Consumer advocates have long criticized so-called income-based repayment plans, which are supposed to help make student loans more manageable and which are employed by about one-third of all borrowers, for trapping borrowers in debt. The Biden plan addresses the problem by proposing to have the federal government cover unpaid monthly interest for people with income-based repayment plans, which would prevent their loan balance from growing as long as they make their monthly payments.
“What I have been struck by is that when you look at student-loan Twitter, where people post their student loan horror stories, what they really frequently highlight is the current income-based repayment plans,” Ed Mills, Washington policy analyst for Raymond James, told CBS MoneyWatch. “The payments aren’t enough to cover the interest in the loans, so you have loan balances that continue to grow despite monthly payments.”

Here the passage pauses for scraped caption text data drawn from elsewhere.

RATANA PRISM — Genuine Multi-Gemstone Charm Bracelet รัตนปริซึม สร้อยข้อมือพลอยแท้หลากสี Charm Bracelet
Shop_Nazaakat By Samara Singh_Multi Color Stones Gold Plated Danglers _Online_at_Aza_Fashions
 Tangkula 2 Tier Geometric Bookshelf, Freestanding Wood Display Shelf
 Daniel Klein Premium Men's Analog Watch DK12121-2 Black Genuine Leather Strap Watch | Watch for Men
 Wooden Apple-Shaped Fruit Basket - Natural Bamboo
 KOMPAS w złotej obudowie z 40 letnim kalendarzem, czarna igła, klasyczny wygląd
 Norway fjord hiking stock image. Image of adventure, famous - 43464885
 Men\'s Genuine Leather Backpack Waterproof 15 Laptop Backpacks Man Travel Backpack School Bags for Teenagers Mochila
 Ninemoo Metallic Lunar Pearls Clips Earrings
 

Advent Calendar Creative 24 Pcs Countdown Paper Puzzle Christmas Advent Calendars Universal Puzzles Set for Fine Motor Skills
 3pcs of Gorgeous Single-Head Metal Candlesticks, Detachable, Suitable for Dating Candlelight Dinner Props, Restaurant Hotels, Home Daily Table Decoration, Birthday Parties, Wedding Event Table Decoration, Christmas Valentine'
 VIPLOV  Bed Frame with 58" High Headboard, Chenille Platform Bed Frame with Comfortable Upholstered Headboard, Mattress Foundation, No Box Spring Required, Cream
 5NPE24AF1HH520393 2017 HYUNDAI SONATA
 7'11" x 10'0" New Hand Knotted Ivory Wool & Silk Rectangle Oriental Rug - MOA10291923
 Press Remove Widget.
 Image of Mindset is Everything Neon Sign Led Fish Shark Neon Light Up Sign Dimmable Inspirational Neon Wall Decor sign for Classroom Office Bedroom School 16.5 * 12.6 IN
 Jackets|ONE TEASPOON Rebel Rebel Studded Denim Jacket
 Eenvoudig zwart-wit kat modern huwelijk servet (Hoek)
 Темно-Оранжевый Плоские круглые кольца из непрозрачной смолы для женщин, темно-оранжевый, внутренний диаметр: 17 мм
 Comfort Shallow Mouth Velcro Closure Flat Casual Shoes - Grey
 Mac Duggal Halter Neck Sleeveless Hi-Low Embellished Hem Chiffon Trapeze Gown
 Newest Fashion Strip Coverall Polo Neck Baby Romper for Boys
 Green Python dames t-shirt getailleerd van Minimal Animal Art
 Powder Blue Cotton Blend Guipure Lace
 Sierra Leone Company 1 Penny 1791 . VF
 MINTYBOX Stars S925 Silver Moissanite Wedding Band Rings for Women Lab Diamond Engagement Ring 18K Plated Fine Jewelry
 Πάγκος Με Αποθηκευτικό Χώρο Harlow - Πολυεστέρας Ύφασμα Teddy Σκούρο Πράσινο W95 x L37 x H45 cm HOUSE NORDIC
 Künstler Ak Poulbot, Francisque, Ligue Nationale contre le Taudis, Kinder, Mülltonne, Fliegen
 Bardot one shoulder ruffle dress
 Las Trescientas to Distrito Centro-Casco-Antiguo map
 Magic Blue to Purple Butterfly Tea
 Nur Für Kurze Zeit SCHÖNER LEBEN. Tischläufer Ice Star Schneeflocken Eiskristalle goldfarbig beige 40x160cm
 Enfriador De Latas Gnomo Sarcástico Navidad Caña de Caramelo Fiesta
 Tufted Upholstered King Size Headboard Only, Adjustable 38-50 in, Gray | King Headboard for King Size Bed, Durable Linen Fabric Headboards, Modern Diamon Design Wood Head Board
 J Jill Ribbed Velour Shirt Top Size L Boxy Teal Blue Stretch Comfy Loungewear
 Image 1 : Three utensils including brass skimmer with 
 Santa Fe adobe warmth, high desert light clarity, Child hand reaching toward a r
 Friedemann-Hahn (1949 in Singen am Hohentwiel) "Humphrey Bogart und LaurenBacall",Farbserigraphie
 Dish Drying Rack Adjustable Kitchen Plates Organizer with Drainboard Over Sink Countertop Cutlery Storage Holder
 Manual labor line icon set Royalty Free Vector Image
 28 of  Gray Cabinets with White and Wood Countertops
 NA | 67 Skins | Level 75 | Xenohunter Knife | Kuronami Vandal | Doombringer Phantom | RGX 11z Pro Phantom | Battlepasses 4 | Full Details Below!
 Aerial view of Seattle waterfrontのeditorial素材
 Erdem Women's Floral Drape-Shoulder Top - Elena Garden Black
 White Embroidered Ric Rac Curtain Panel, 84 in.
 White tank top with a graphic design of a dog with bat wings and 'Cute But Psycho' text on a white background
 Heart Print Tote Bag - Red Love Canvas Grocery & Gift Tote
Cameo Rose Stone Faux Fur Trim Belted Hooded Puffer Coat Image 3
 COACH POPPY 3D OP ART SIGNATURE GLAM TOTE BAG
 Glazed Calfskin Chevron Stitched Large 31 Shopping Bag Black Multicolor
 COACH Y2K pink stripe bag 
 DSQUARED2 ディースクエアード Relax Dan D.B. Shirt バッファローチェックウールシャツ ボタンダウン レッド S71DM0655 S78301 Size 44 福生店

The White House would also limit the amount that borrowers in income-based repayment plans must pay each month to 5% of their discretionary income, from 10% currently. And the proposal would increase the amount that is considered non-discretionary income to about $31,000 from about $20,000, protecting more of a person’s income from going to debt repayment.
That means borrowers in an income-based repayment plan who earn less than $31,000 annually, or about $15 an hour, will have monthly payments of $0 — and their loan balances won’t grow.
The impact of those changes “will be greater in the medium- to long-term than the headline number of debt forgiveness,” Mills predicted.
Help for future students
The changes to income-based repayment plans could also provide a financial step-up for current and future college students who may not qualify for debt forgiveness.
Under Biden’s plan, the federal government will forgive up to $10,000 in student debt for people earning under $125,000 and up to $20,000 for borrowers, which are given to low- and middle-income students. But those debts must be tied to loans taken out before July 1, which means some current and all future students won’t qualify for the forgiveness.
That’s why the changes to income-based repayment plans are so important, since they could help students who are currently enrolled in college as well as people who enroll in future years, Mills noted.
Of course, all of this comes with a price tag. The debt-cancellation portion of the plan will cost about $360 billion, according to a new estimate from the public policy think tank Committee for a Responsible Federal Budget.
The abolition of negative amortization and other changes to income-based repayment plans could cost another $120 billion, the group estimated. It added that the Biden administration hasn’t yet said who is eligible for these changes, “making it difficult to pinpoint the actual cost.”